APAJason Yonover Wins the 2020 Baumgardt Memorial Fellowship

Jason Yonover Wins the 2020 Baumgardt Memorial Fellowship

The American Philosophical Association is pleased to announce that Jason Yonover (Johns Hopkins University) has been selected by the APA committee on international cooperation as the winner of the 2020 Baumgardt Memorial Fellowship.

The David Baumgardt Memorial Fellowship, in the amount of $10,000, is for the support and dissemination of research in the field of ethics, especially as they related to the interests of David Baumgardt, including the examination and comparison of types of morality associated with strong cultural and religious traditions, such as Judaism and Christianity. The Baumgardt Fellow will have the opportunity to present their work as a series of two or three public lectures, to be known as the Baumgardt Memorial Lectures.

Anat Biletzki, chair of the APA committee on international cooperation, says, “Yonover presented a strong application, both on its merits and in terms of fit with the criteria. It is closely connected to Baumgardt, and well-aligned with the prize mandate and with the description of the fellowship. It is expertly articulated and the recommendation letters are strong.
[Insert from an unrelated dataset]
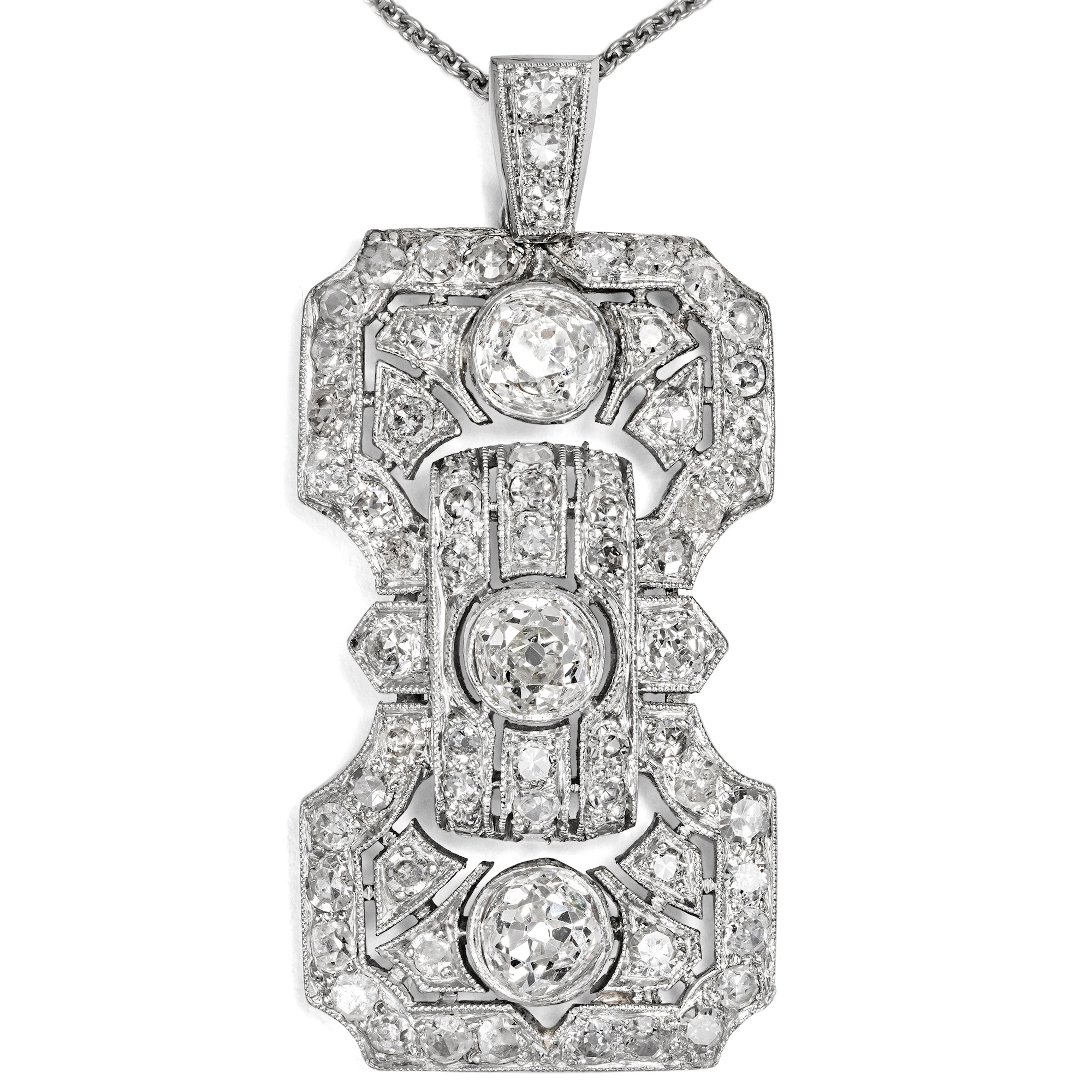 Fabulous Art Déco Pendant in Platinum & 3.00 ct Diamonds, Circa 1930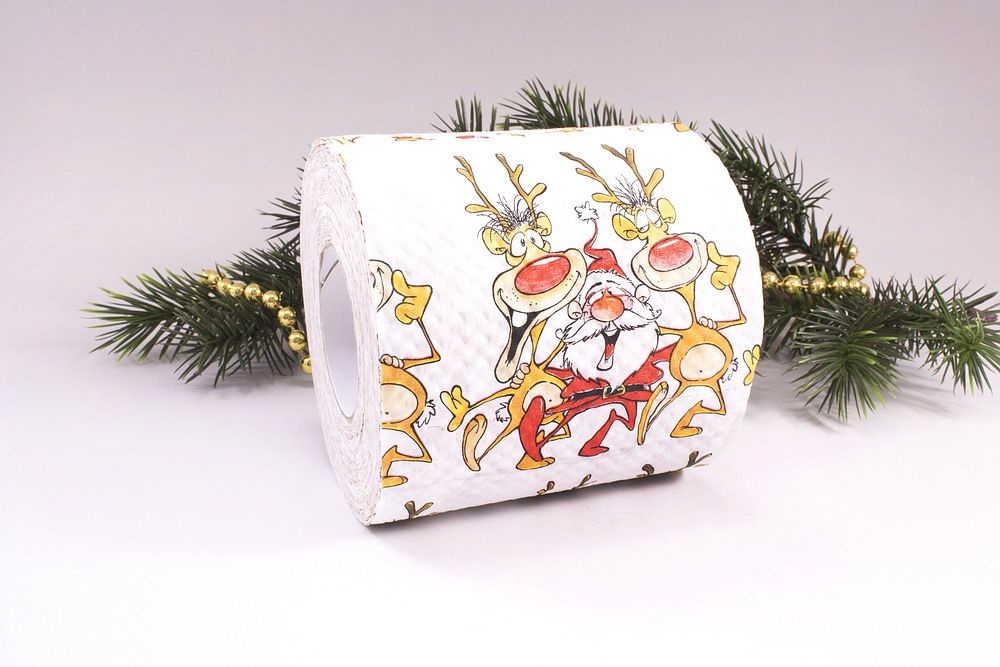Toilettenpapier mit lustigen Weihnachtsmotiven - Onlineshop für Christbaumschmuck und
It is an impressive application, thoroughly worked out and detailing Yonover’s depth of knowledge in regard to the history of German and Jewish philosophy. It would also be lovely to have the lectures at the Leo Baeck Institute where the Baumgardt Collection resides.”
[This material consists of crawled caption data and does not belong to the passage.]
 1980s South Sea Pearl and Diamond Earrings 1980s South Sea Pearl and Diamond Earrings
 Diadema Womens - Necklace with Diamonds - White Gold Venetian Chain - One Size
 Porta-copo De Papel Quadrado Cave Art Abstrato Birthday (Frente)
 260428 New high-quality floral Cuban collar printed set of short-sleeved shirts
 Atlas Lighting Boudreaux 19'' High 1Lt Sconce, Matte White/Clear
Jason Maurice Yonover is a historian of philosophy at Johns Hopkins University who specializes in the German and Jewish traditions, with a particular interest in moral and political philosophy. He is working on two projects: the first concerns freedom and right in Hegel and Spinoza, and the second traces the legacy of early modern naturalism in modern German thought. His work has been published in the British Journal for the History of Philosophy and the Goethe Yearbook, and is forthcoming in Fichte-Studien, the Blackwell Companion to Spinoza, and the Oxford Handbook of Nineteenth-Century Women Philosophers in the German Tradition.